[What to work on]:
Without any pictures, output the records exactly as they are.
─── Records
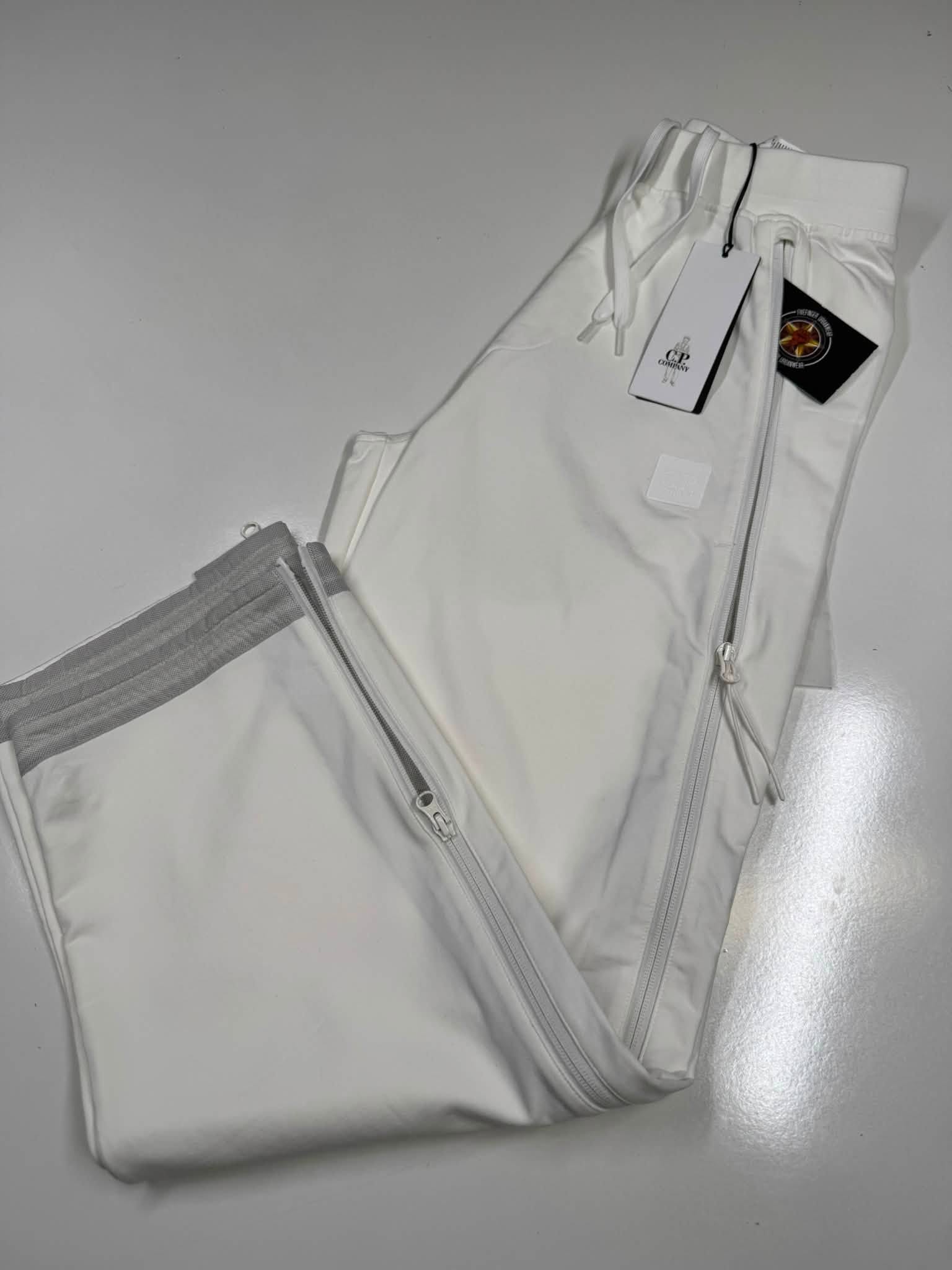 CP COMPANY METROPOLIS 021A STRETCH FLEECE MIXED JOGGING PANTS IN WHITE - Image 1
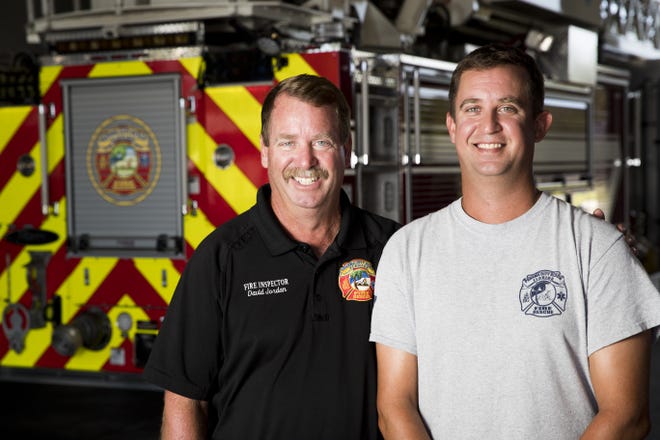 Captain David Jordan, 57, a member of the Panama City Beach Fire Department since 1990 and his son, Andrew Jordan, 32, a firefighter since August 10, 2019, pose for a portrait at Fire Station 31 on Wednesday, August 28, 2019. [JOSHUA BOUCHER/THE NEWS HERALD]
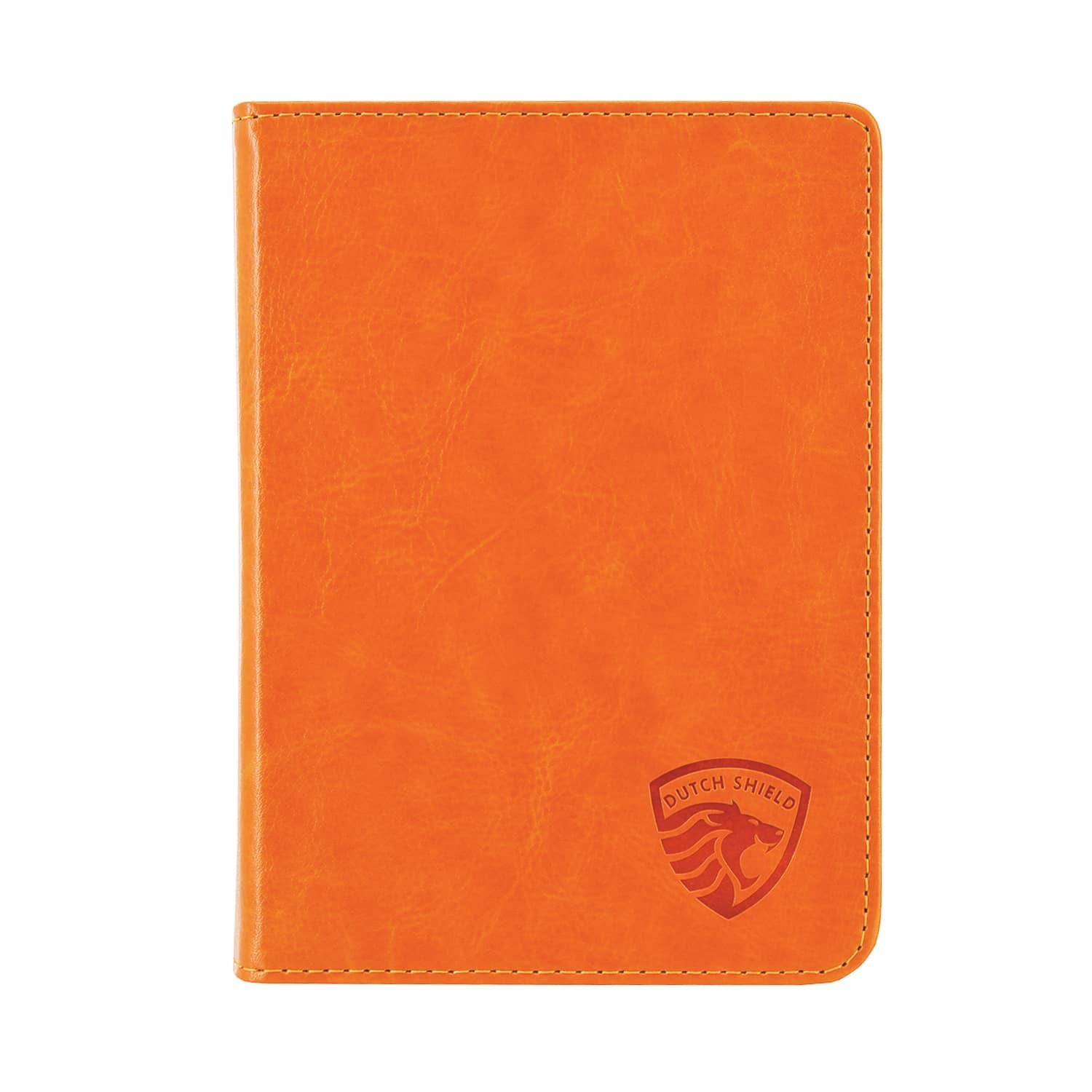 Een oranje leren notitieboek, met 'DUTCH SHIELD' en een leeuwenlogo rechtsonder.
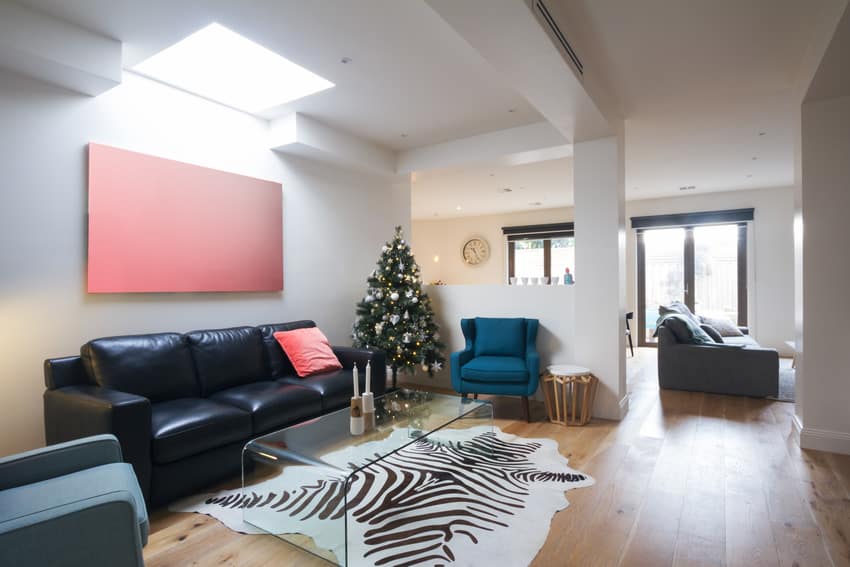 black leather couch in living space with animal print rug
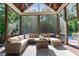 Relaxing sunroom with comfortable seating, a stylish wood ceiling, and views of the backyard pool at 1412 Wakefield Farm Rd, Zebulon, NC 27597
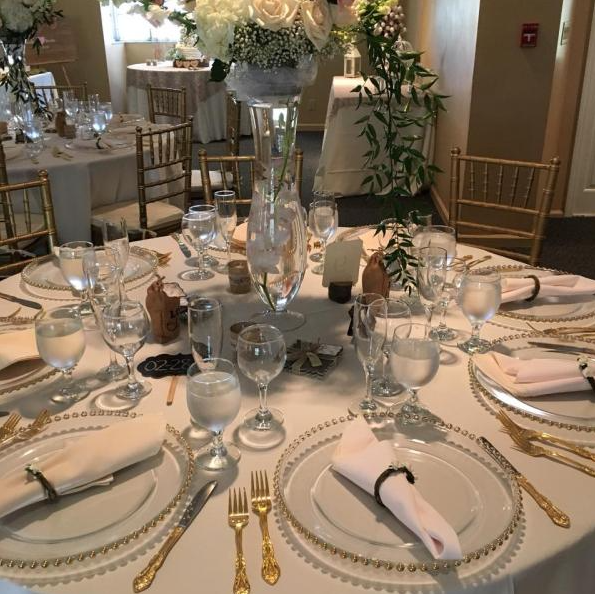 white and gold wedding reception table decor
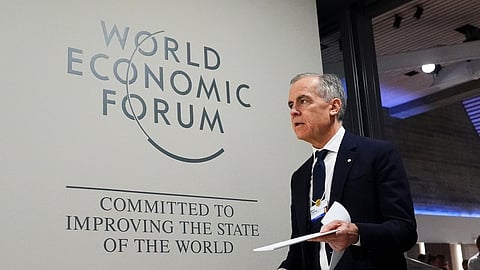 Canada Prime Minister Mark Carney makes his way to take part in an event titled "Country Strategy Dialogue: Canada" as he attends the World Economic Forum in Davos, Switzerland, on Tuesday, Jan. 20, 2026.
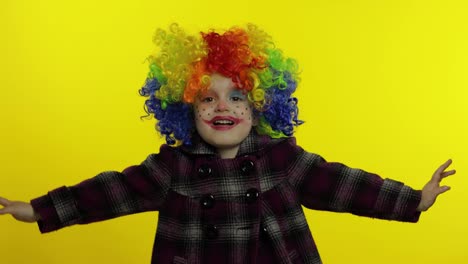 Little-child-girl-clown-in-colorful-wig-making-silly-faces,-having-fun,-smiling,-dancing.-Halloween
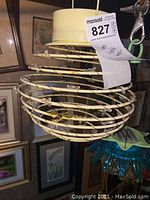 Photo of spiral solar-powered outdoor light showing coiled structure and cream top with solar panel.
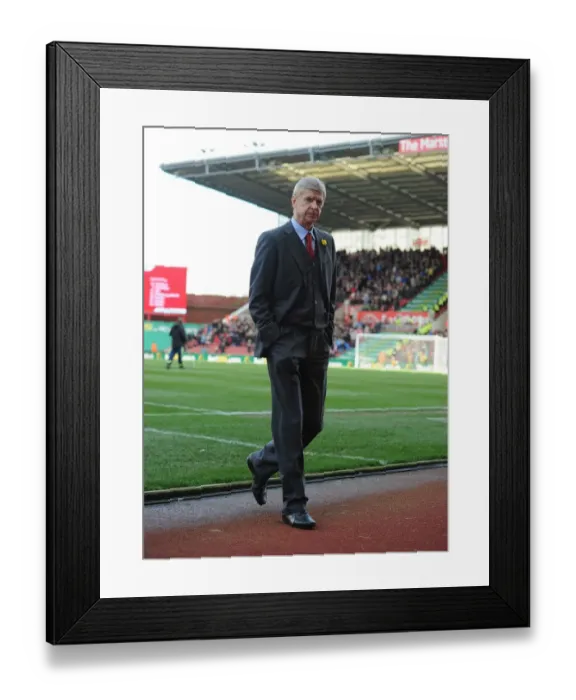 Framed Print : Arsene Wenger: Unwavering Determination Before Stoke City Match (2014) Framed Print : Arsene Wenger: Unwavering Determination Before Stoke City Match (2014)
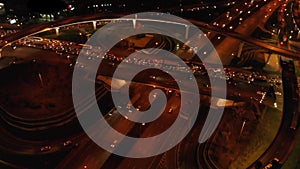 4K. Aerial view of highway road interchange with busy urban traffic speeding on the road at night. Junction network of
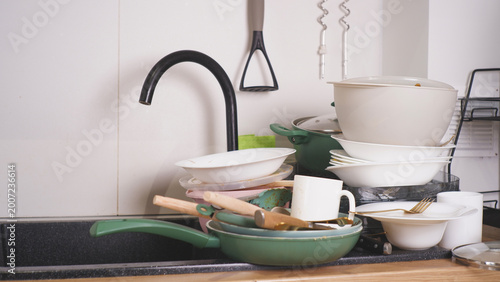 Kitchen sink overflowing with dirty dishes and pots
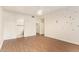 Spacious bedroom offering wood-look floors, a ceiling fan, and multiple doorways creating an open feel at 151 E Broadway Rd # 103, Tempe, AZ 85282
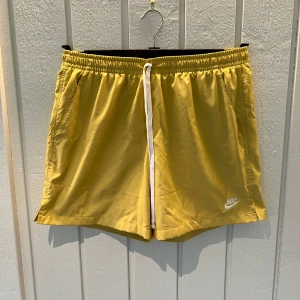 Gula shorts från Nike - Säljer ett par snygga gula Nike-shorts i storlek L. Perfekta för sommaren med en bekväm passform och elastisk midja med dragsko. De har en klassisk design med Nike-loggan på benet. Perfekta för både träning och avslappnade dagar! Skick: nyskick.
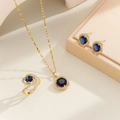 Detail of elegant gold jewelry set with deep blue round stones and crystal accents - Gold Sapphire / Number 7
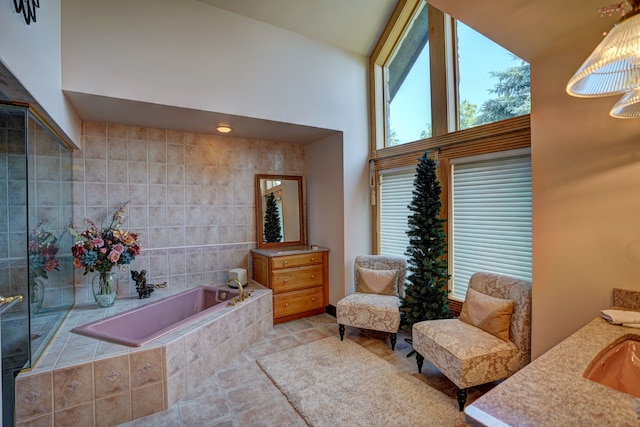 sitting room featuring light tile patterned floors, tile walls, and a high ceiling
──────
[Result of the task]:
 CP COMPANY METROPOLIS 021A STRETCH FLEECE MIXED JOGGING PANTS IN WHITE - Image 1
 Captain David Jordan, 57, a member of the Panama City Beach Fire Department since 1990 and his son, Andrew Jordan, 32, a firefighter since August 10, 2019, pose for a portrait at Fire Station 31 on Wednesday, August 28, 2019. [JOSHUA BOUCHER/THE NEWS HERALD]
 Een oranje leren notitieboek, met 'DUTCH SHIELD' en een leeuwenlogo rechtsonder.
 black leather couch in living space with animal print rug
 Relaxing sunroom with comfortable seating, a stylish wood ceiling, and views of the backyard pool at 1412 Wakefield Farm Rd, Zebulon, NC 27597
 white and gold wedding reception table decor
 Canada Prime Minister Mark Carney makes his way to take part in an event titled "Country Strategy Dialogue: Canada" as he attends the World Economic Forum in Davos, Switzerland, on Tuesday, Jan. 20, 2026.
 Little-child-girl-clown-in-colorful-wig-making-silly-faces,-having-fun,-smiling,-dancing.-Halloween
 Photo of spiral solar-powered outdoor light showing coiled structure and cream top with solar panel.
 Framed Print : Arsene Wenger: Unwavering Determination Before Stoke City Match (2014) Framed Print : Arsene Wenger: Unwavering Determination Before Stoke City Match (2014)
 4K. Aerial view of highway road interchange with busy urban traffic speeding on the road at night. Junction network of
 Kitchen sink overflowing with dirty dishes and pots
 Spacious bedroom offering wood-look floors, a ceiling fan, and multiple doorways creating an open feel at 151 E Broadway Rd # 103, Tempe, AZ 85282
 Gula shorts från Nike - Säljer ett par snygga gula Nike-shorts i storlek L. Perfekta för sommaren med en bekväm passform och elastisk midja med dragsko. De har en klassisk design med Nike-loggan på benet. Perfekta för både träning och avslappnade dagar! Skick: nyskick.
 Detail of elegant gold jewelry set with deep blue round stones and crystal accents - Gold Sapphire / Number 7
 sitting room featuring light tile patterned floors, tile walls, and a high ceiling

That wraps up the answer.